Imagine you and your family go out one day to choose a new puppy.
You walk up to the pen and see numerous little nuggets running around and looking longingly into your eyes, begging you to take them home.
Now imagine this same situation but bigger. Imagine 50 puppies in a room filled with toys and snacks. And now imagine those puppies are children.
And the people standing around them? Imagine they are not potential owners but rather – imagine that they are the kids’ potential parents.
Welcome to the world of Adoption Activity Days or ‘adoption parties’ as they’re more commonly known in the United Kingdom.
Adoption parties are part of a scheme introduced two years ago by the British Association for Adoption and Fostering. They’re based on a similar initiative in the US and are used as a way to encourage adoptive parents to think differently when choosing the kind of child they’re planning to adopt.
You see, it’s apparently common for potential parents to automatically gravitate to babies and girls when selecting a kid. They choose babies because parents like the idea of raising a child from the beginning of their life and they tend to choose young girls because they’re perceived as being easier to raise.
The reality of these choices however are that many children – particularly boys, disabled children, children from ethnic minorities and groups of siblings – who never find a permanent home and end up being raised in a long-term foster homes.
It is hoped that by going to adoption parties, parents might meet a child and automatically connect with them – and that’s something that’s not necessarily possible if they’re only seeing one of the 4000 children who need homes “on paper”.
The people behind the idea say it’s something of a last resort; that they’ve exhausted all other traditional options when it comes to finding a home for these kids.
This from a UK adoption website:
Adoption activity days have proved successful in finding matches as they give prospective adopters and the children a chance to make a real connection.
An advantage of activity days is that adopters often find that their preconceptions about the kind of child they initially feel they might want to adopt changed once they had the opportunity to meet the children in person. This means that children who may not have been considered ‘on paper’ have a greater chance of being adopted.

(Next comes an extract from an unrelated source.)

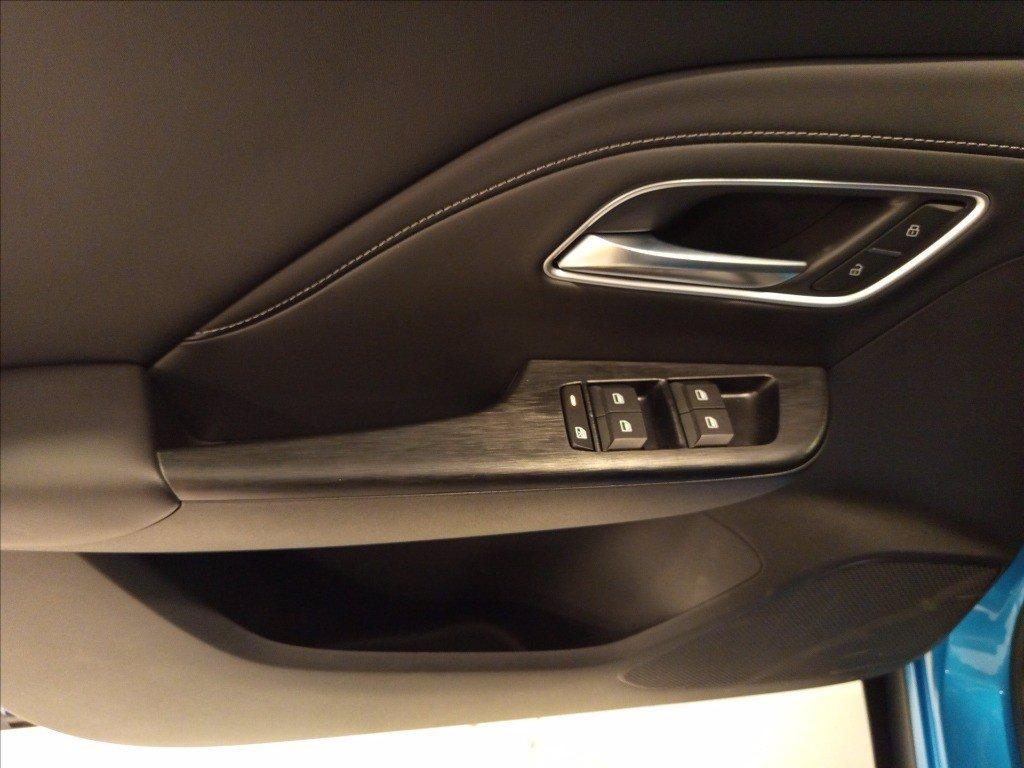 MG ZS 1.5 Comfort del 2025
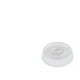 thumbnail image 2 of Tapa Para Horno Microondas Anti Salpicadura, 2 of 2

According to the UK press, around 50 children aged from 0-10 attend the party and meet with as many as 30 adoptive parents.
Doesn’t sound like much of a party, does it?
Well, at least, not for the kids who go home without parents.
Two of those children are five-year-old Daniel and his seven-year-old brother Connor. The two boys are yet to find homes after attending three adoption parties in as many years.
The boys were taken to the adoption parties by their 45-year-old foster mum Katy, who says she cannot take the boys permanently given she is already a mum of six.
Daniel and Connor’s story is set to feature on an upcoming documentary about the controversial adoption process.
Here’s a snapshot:
“We told the children it was a party for children like them, foster carers and some people looking for their forever families. We didn’t make a big deal out of it — I didn’t want them to feel any pressure. They took it at face value,” Katy told the UK press.
But she said “it was like trying to sell a product that nobody wanted”.
“We played with the boys all day but no one came near them. I wanted to wrap them up and run out of there. It felt very personal and very distressing. I came back and sobbed my heart out,” Katy said.